How good a school are we?
There are a lot of surveys and polls and methodologies to rank schools. For the sake of convenience - and because d1.ticker used it - let’s go with the U.S. News & World Report rankings.
Top 5 US News & World Report average ranking over the last 5 yrs: Tulane (49.6), UConn (58.6), SMU (59.8), BYU (65.8), Colorado St (126.2).— D1.ticker (@D1ticker) July 24, 2016
Rutgers does okay. I’d like it better if it was higher than its 68 five-year average, but I’m willing to wait for the impact of the med school merger to kick in. And for the record, Temple had a five-year average of 126 and Cincinnati 140.
And quality is something conferences are looking for in new members.

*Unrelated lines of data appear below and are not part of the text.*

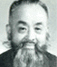 이성봉목사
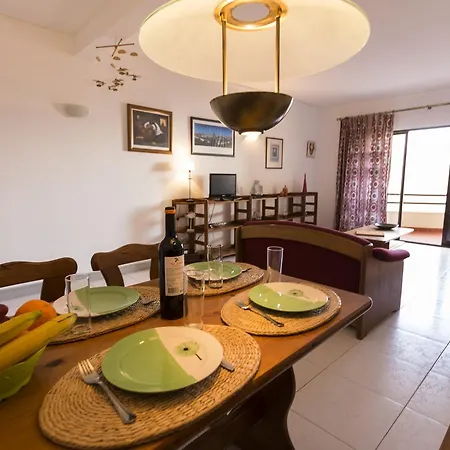 Apartamento Galerias - Centro Ericeira
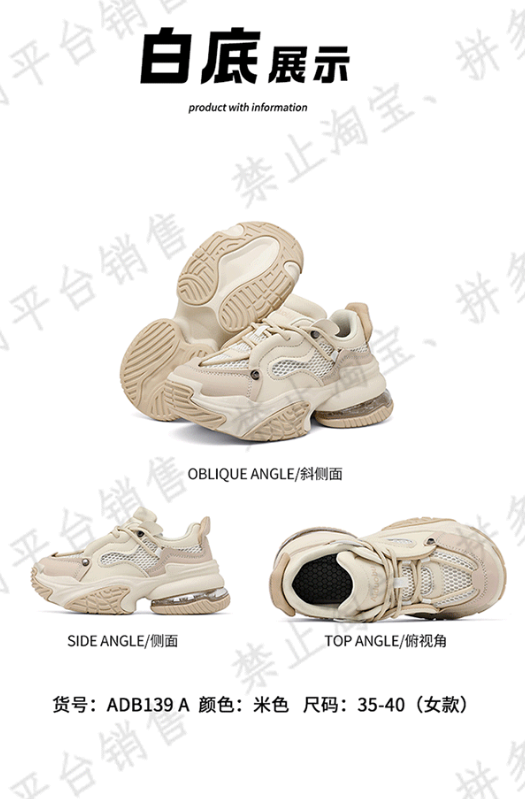 4efaa36fec5ea5a7b65ddfd85b598aeb_1784342791_8566.png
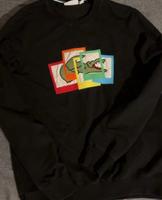 Lacoste Pullover / wie neu ✅ Bayern - Eggenfelden Vorschau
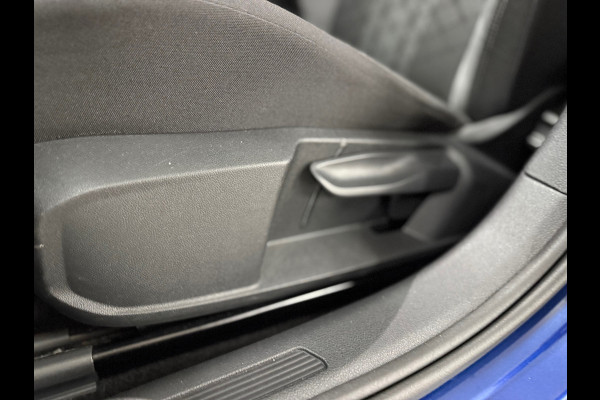 Volkswagen Taigo 1.0 TSI R-Line Business DSG | Pano | Virtual Cockpit | ACC | IQ.Light | Navi | Camera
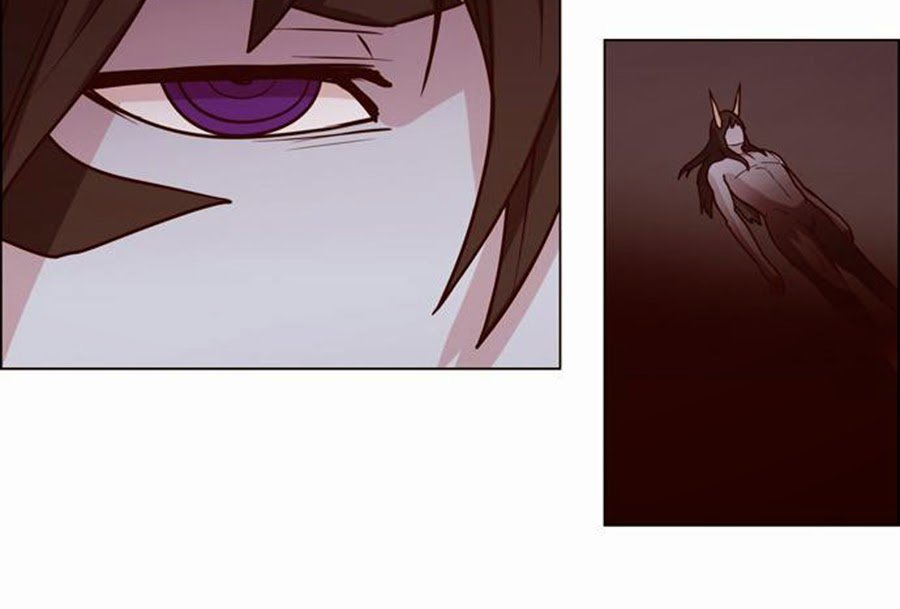 The Devil King Is Bored 2: Chapter 1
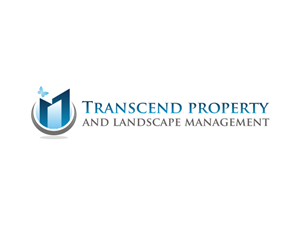 Logo Design by ibnu efendy for this project | Design: #644755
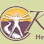 Kuma Health and Wellness - Pet Food Store in La Grange Illinois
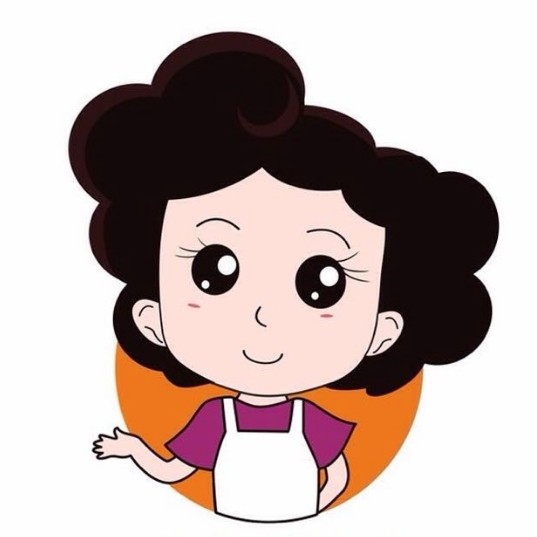 李家妈妈居家生活馆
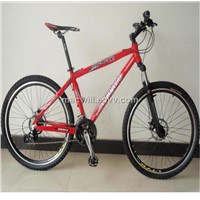 Bicycle (TY-MTB 8968051)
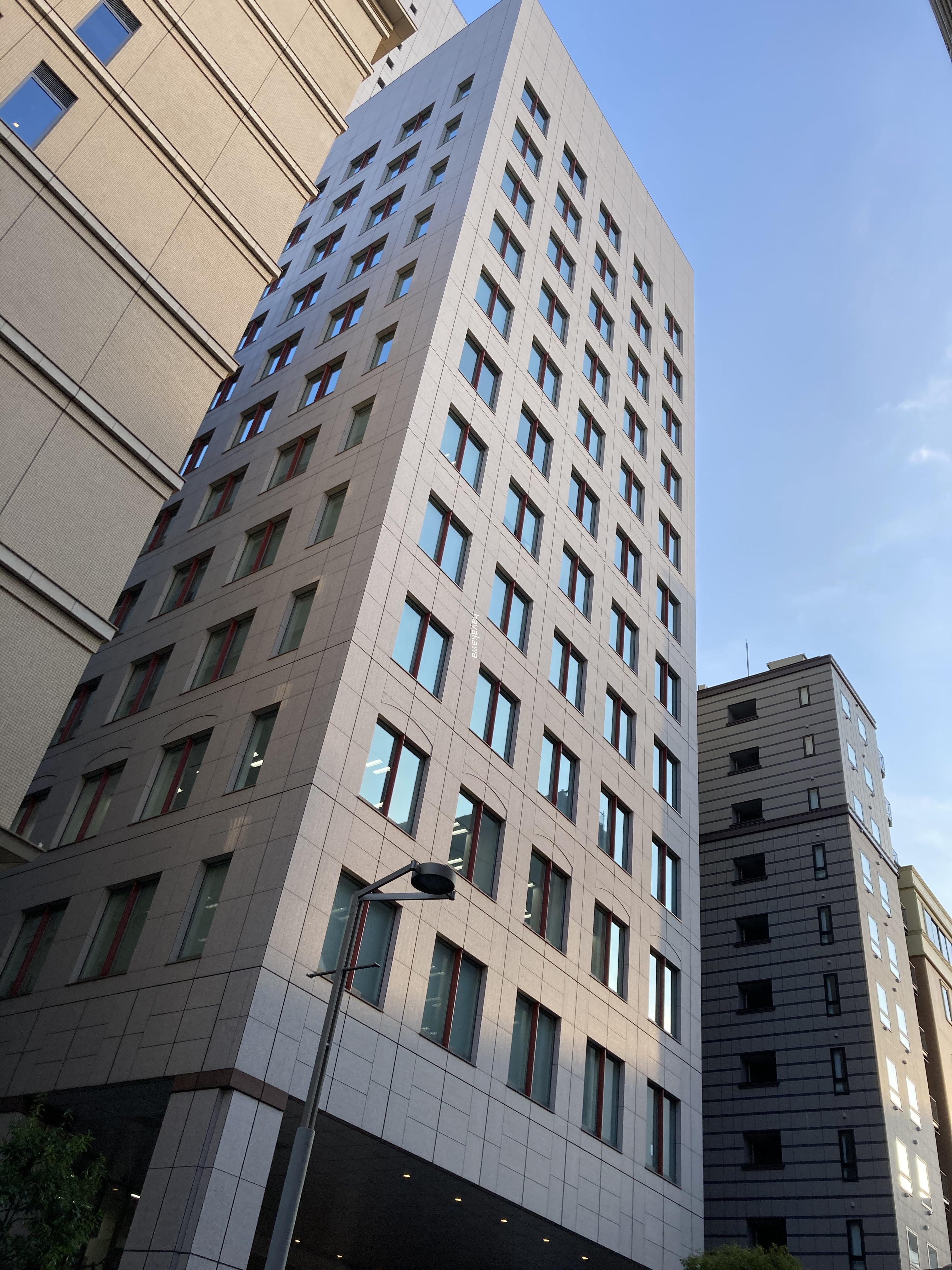 40502画像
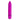 loving-joy-10-function-purple-bullet-vibrator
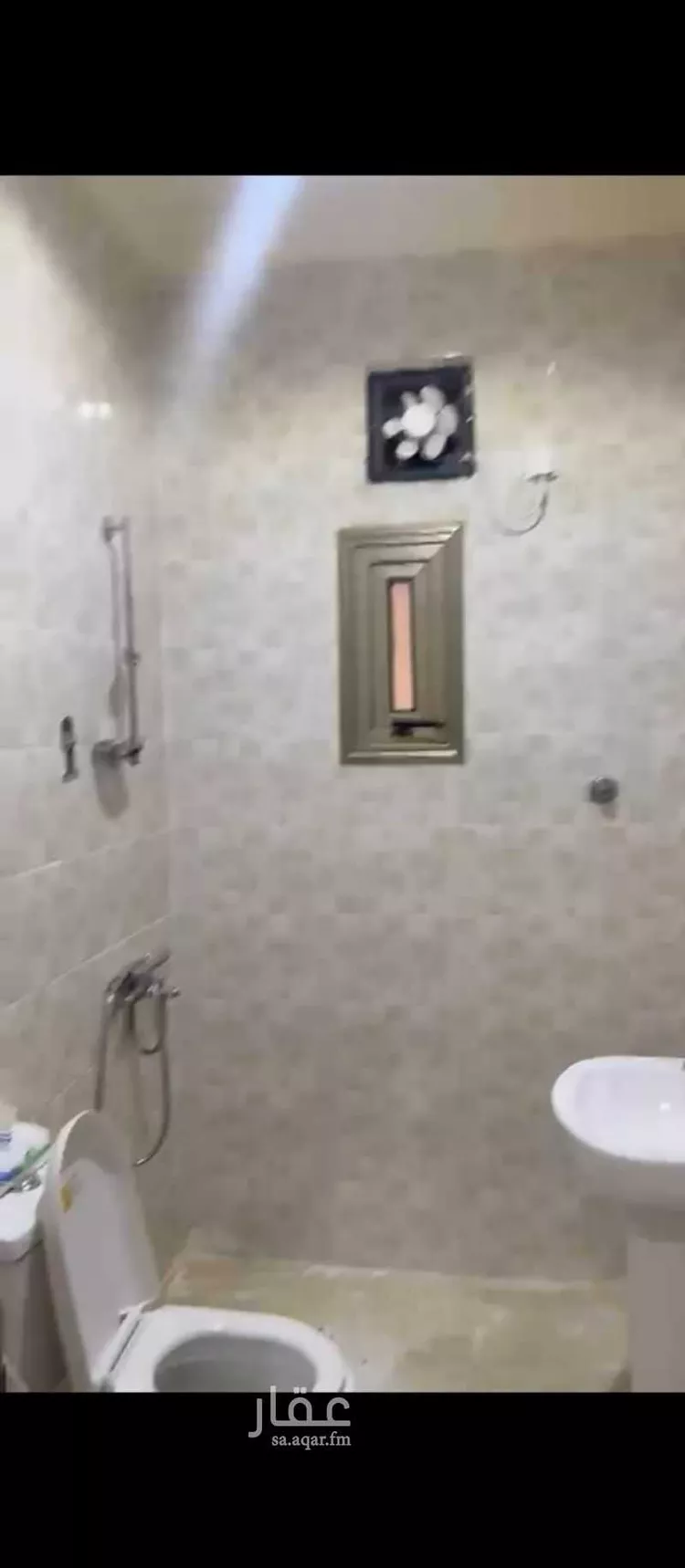 شقة للإيجار في شارع الجهنيه, حي المروة, مدينة جدة, منطقة مكة المكرمة صورة 4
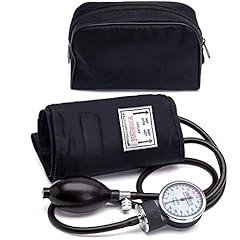 Santamedical adult deluxe for sale  Delivered anywhere in USA 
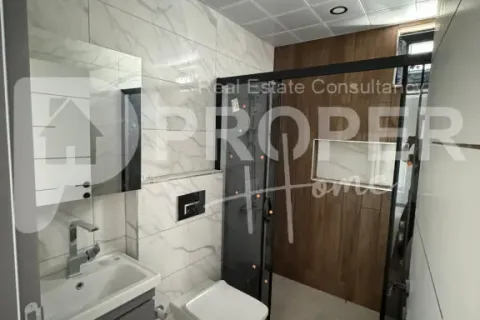 Продажа квартиры  в Кепезе, Анталье, Турция 3 комн., 110м2, №183678 – фото 6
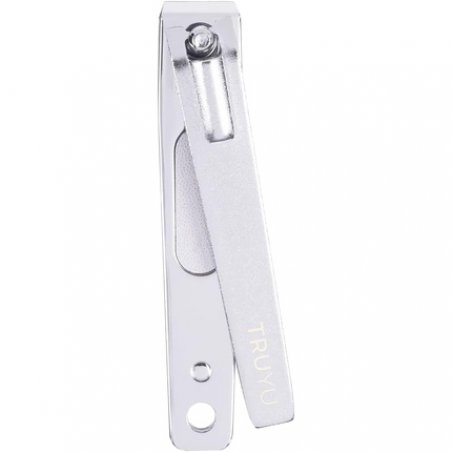 Truyu Toenail Clipper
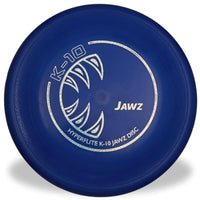 Hyperflite Pup Jawz Flying Disc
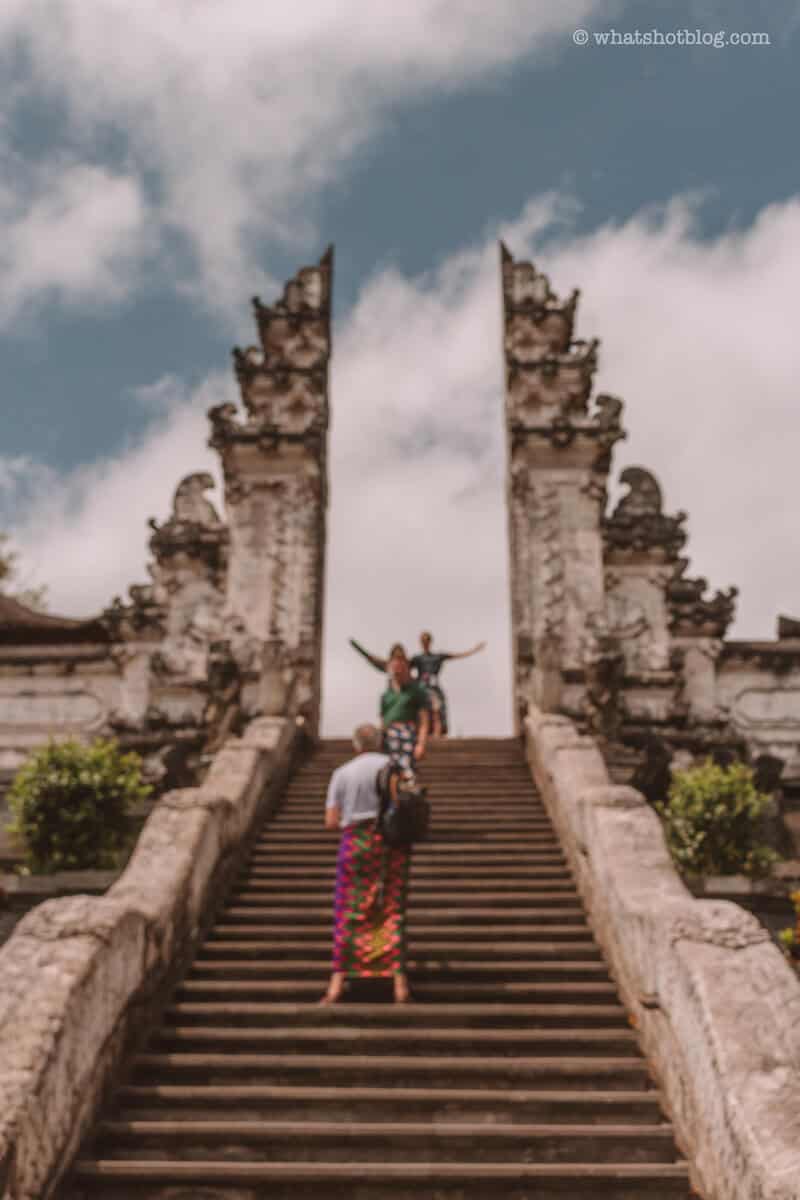 800x1200 Pura Lempuyang: Why You Shouldn't Visit The Gates of Heaven in Bali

Iowa State’s president, Steven Leath, has more than just wins and losses on his mind.
Leath didn’t publicly support Houston or any potential Big 12 expansion target on Friday, but did say that an ideal candidate would bring a good fan base, a strong academic reputation and potentially a TV market the league isn’t in yet.
“You also want one with a history of running good, clean programs that add prestige to a league,” Leath said.
Uh oh. You knew this would come up eventually. Good thing Jim Delany didn’t look too closely at past performance.
Top 5 Learfield Directors' Cup average finish over last five years: BYU (41.2), UConn (63), Boise (72.2), USF (78.4), SMU (90).— D1.ticker (@D1ticker) July 24, 2016
A lot of you ignore or pooh-pooh me when I talk about the Directors’ Cup standings. And pooh-poohing is a serious action! But as I say, somebody is looking at them. And in that area, we don’t look real good. Over the last five years, Rutgers averaged a 102 standing, bottoming out in 2012-13 at 120 among D1 schools.
Uhh, is there a take away here, Bob?
Well, sort of. This was an interesting exercise. If nothing else, it probably shows that we are far better than virtually all of the “candidates” that the Big 12 is looking at. And to me, that says we are where we should be, in the Big Ten. Certain other blogs not withstanding (Hoosier cretins!). It also says that Rutgers fans and the state should be very happy - nay, ecstatic! - that the invitation came in 2012. And we should remember just what that means for us: support, support, support.
So, fear not, noble readers. You need not wake from any nightmare. There is no “what if”. We’re in the Big Ten. Dee-e-e-ep breath. It’s all right.